There’s been so much going on in the world lately that I wonder if that makes it easier or harder to pray? Some people, when things seem overwhelming, find themselves turning to prayer almost automatically. Some people, when things are horrible, find themselves thinking, “why bother? God doesn’t hear my prayers anyway.”
The world seems to be going to heck in a hand-basket with several more horrific mass murders, flooding deaths in China, mud-slinging and the preaching of fear, a devastating heat in the mid-west, a wild-fire destroying homes in California, and who knows what kind of personal agony in the lives of people who suffer from any kind of disease and pain.
Lord have mercy! Are you listening? And do you care?
As much as I sometimes struggle with things, I believe down deep that the answer is yes, God does hear and answer our prayers.

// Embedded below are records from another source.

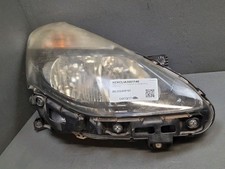 Phare avant droit - Renault Clio III après mars 2009 - fond noir 260107056R *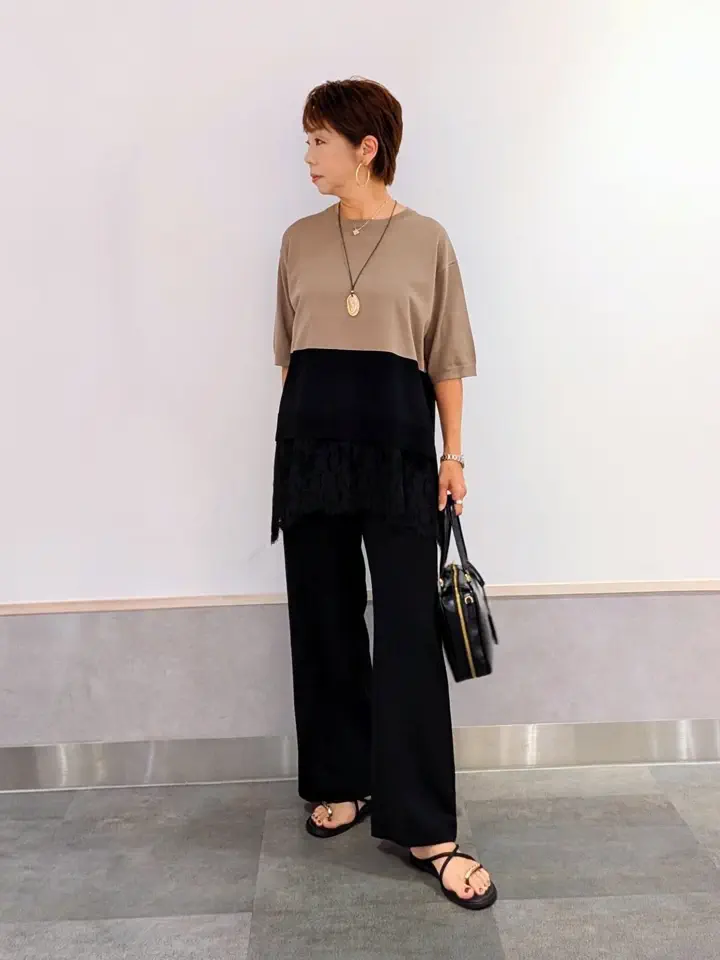 ONWARD CROSSET SELECT niwa コーディネート画像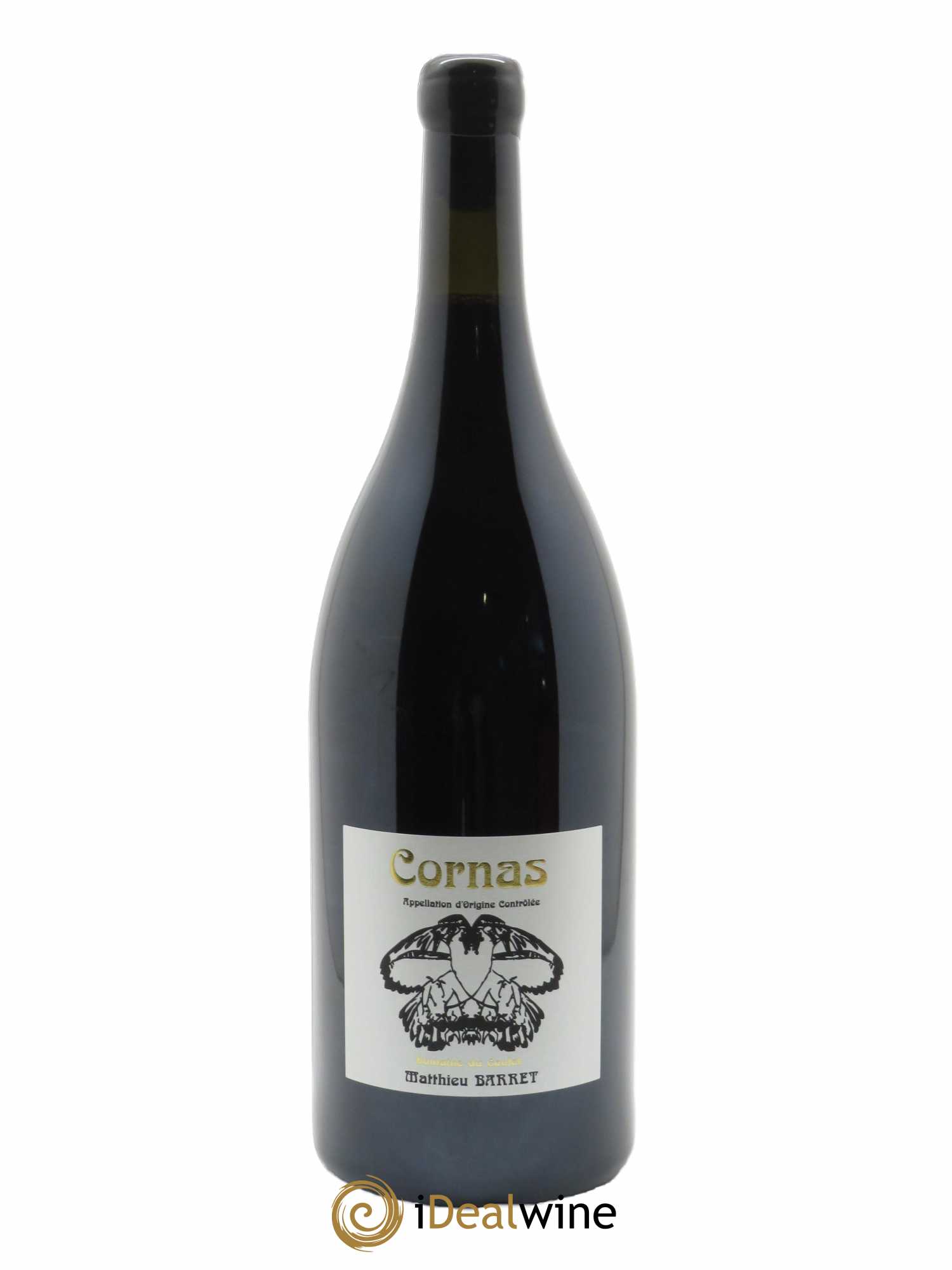 Cornas Gore Coulet (Domaine du) - Matthieu Barret  2019 - Lot de 1 Magnum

I think God always answers, but sometimes the answer is not the answer we want. How do we live with that when the prayers are about healing a loved one with cancer…or bringing an end to violence…or getting a good-enough paying job to pay the bills? It’s not easy and I don’t have any easy answers.
We often, maybe usually, think about prayer as a rather passive activity…Praying and then waiting around until God answers or doesn’t answer.
My go-to-guy, Pastor David Lose asks, “But what if that’s not the case at all? What if prayer isn’t simply a petition I send to God but rather is part of a more active and full relationship with God. Prayer, from this point of view, is less like putting a message in a bottle – or, for that matter, in an envelope or email – and setting it adrift in the sea and more like the regular conversation we have with others with whom we are in relationship.”I love the prayer in a bottle image. And that is what I so often do.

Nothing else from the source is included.